Start of MATERIAL SHOWN

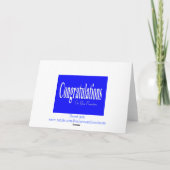 Gelukwensen op Uw Kaart van de Bevordering (Achterkant)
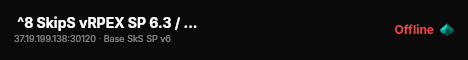  ^8 SkipS vRPEX SP 6.3 / discord.gg/ZzjSfmdaVG live status badge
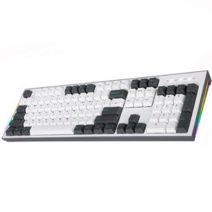 COX 이색사출 사이드 RGB 기계식 키보드 갈축, 14세트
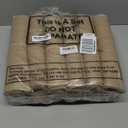 12 Pack Burlap Table Runners 12" x 108" Farmhouse Khaki Jute Runner Rustic Country Wedding Burlap Table Runners for Birthday Engagement Party Home Dining Kitchen Decorations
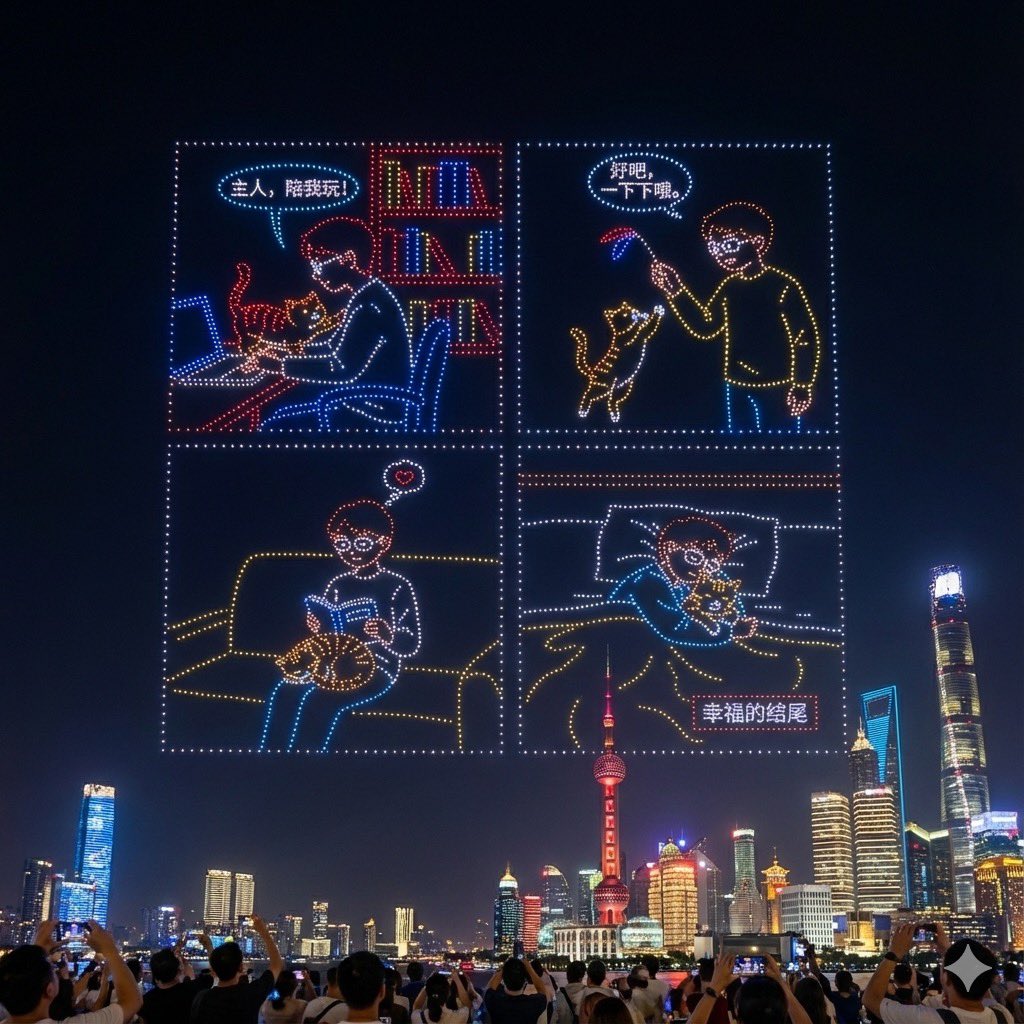 7. 商場
8. 海邊
9. 無人機表演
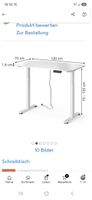 Schreibtisch weiss höhenverstellbar 120x70cm 1 Monat alt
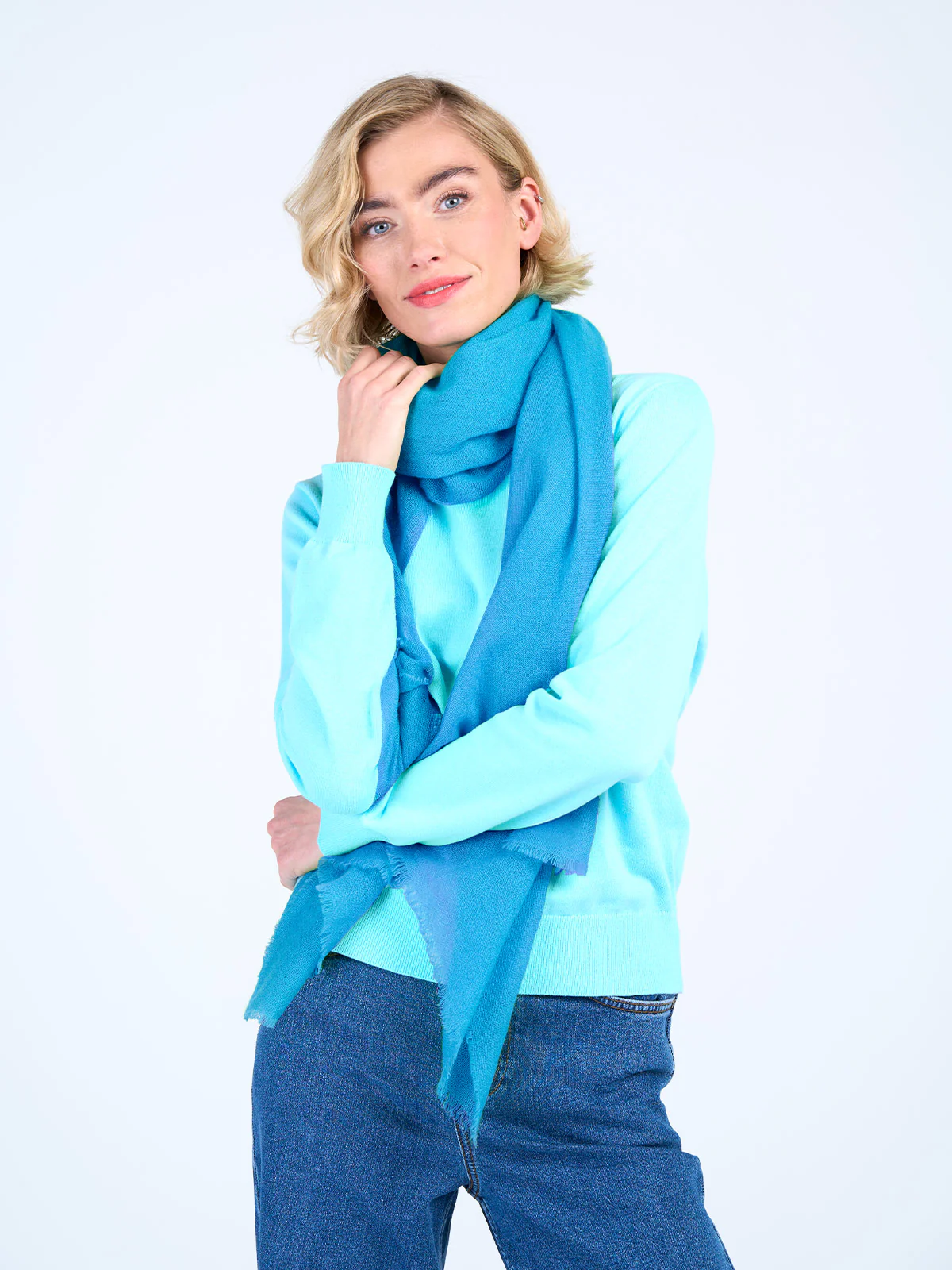 Cashmere Gauze Stole - Image 42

End of MATERIAL SHOWN

--- PROMPT ---
Without the pictures, give every line above again exactly.

--- EXPECTED ANSWER ---
 Gelukwensen op Uw Kaart van de Bevordering (Achterkant)
  ^8 SkipS vRPEX SP 6.3 / discord.gg/ZzjSfmdaVG live status badge
 COX 이색사출 사이드 RGB 기계식 키보드 갈축, 14세트
 12 Pack Burlap Table Runners 12" x 108" Farmhouse Khaki Jute Runner Rustic Country Wedding Burlap Table Runners for Birthday Engagement Party Home Dining Kitchen Decorations
 7. 商場
8. 海邊
9. 無人機表演
 Schreibtisch weiss höhenverstellbar 120x70cm 1 Monat alt
 Cashmere Gauze Stole - Image 42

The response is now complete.